2) will look like a pretentious asshat. (because in my mind, this is what a pretentious asshat looks like)
3) will have farther to fall when I am inevitably shoved off the Cliffs of Success by my arch nemesis, Failure. That's Failure, on the right.
The sad thing is that I've had some pretty cool reviews. Great reviews. Reviews that if I were not me, would make me want to read the book I actually wrote. I should be sharing them, right? That's not douchy or pretentious, is it? I'm allowed to celebrate, aren't I? I can toot my own horn without fear of invoking the wrath of Failure and to prove it, I'm gonna start tooting...
This is a great review I received today from Blood Rose Books:
This is another from Mallory Heart Review:
This is another by Julie Beckett's Wicked Little Imp Review bog:
Last, but certainly not least, I received this review today by Cath on her wonderful blog, My Book Chatter Blog:
I am BLOWN AWAY by the level of support CARVED has garnered and am so giddy I might actually do my happy dance for reals! :)
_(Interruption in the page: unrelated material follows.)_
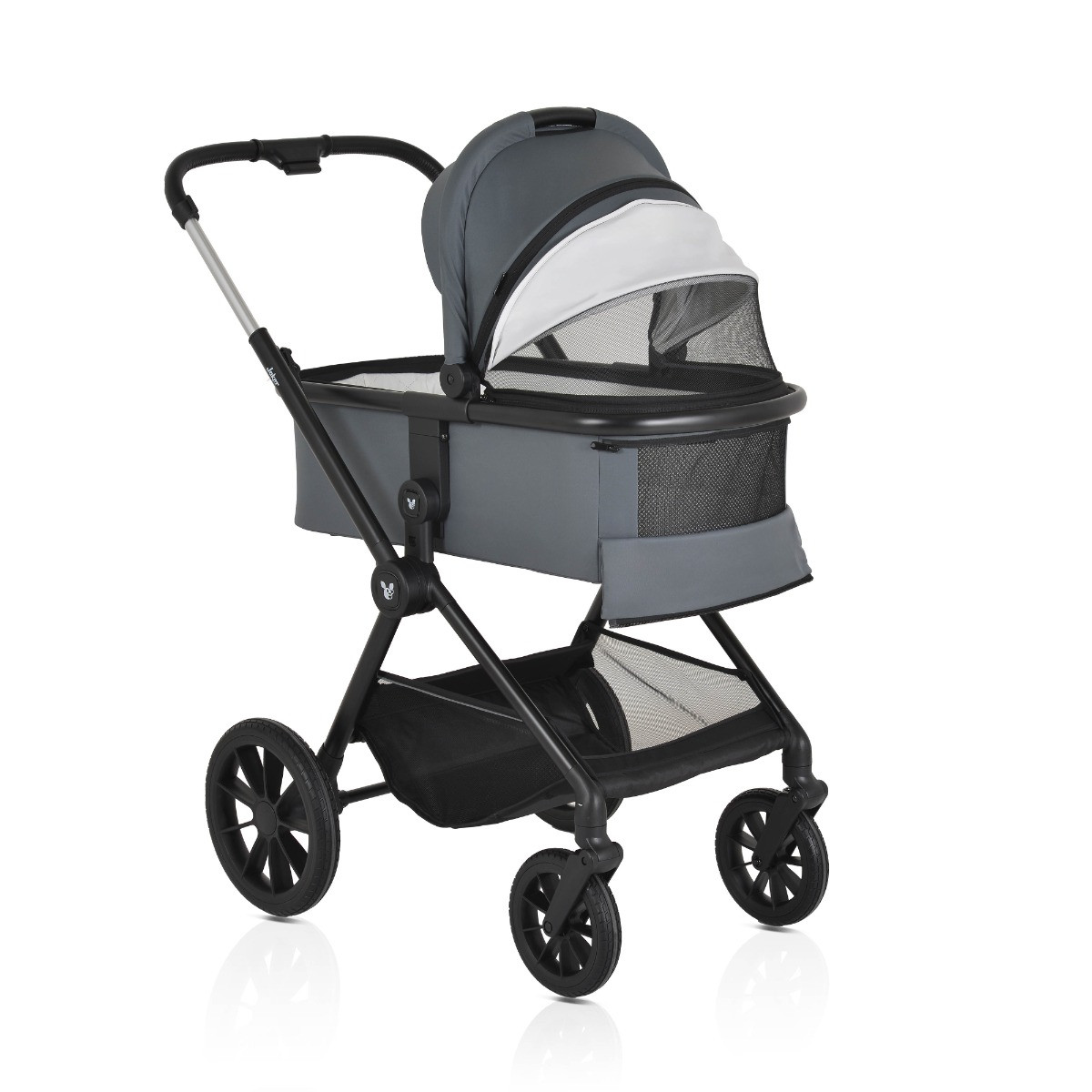 Cangaroo Joker Mineral Grey 3-in-1 Kinderwagen incl. Autostoel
I might have missed one or two but I want to thank these fantastic bloggers who took the time to read and blog about my novel, for nothing else but their own love of good books. I don't know who you guys (or gals) are but I owe you big! If you head over to their site to read their reviews of CARVED IN DARKNESS, stay awhile. Read what they have to say about other books as well. You won't be sorry.
my buy link:
official release: May 8th, 2013.
Now, if you'll excuse me, I'm going to go hide under my desk until then...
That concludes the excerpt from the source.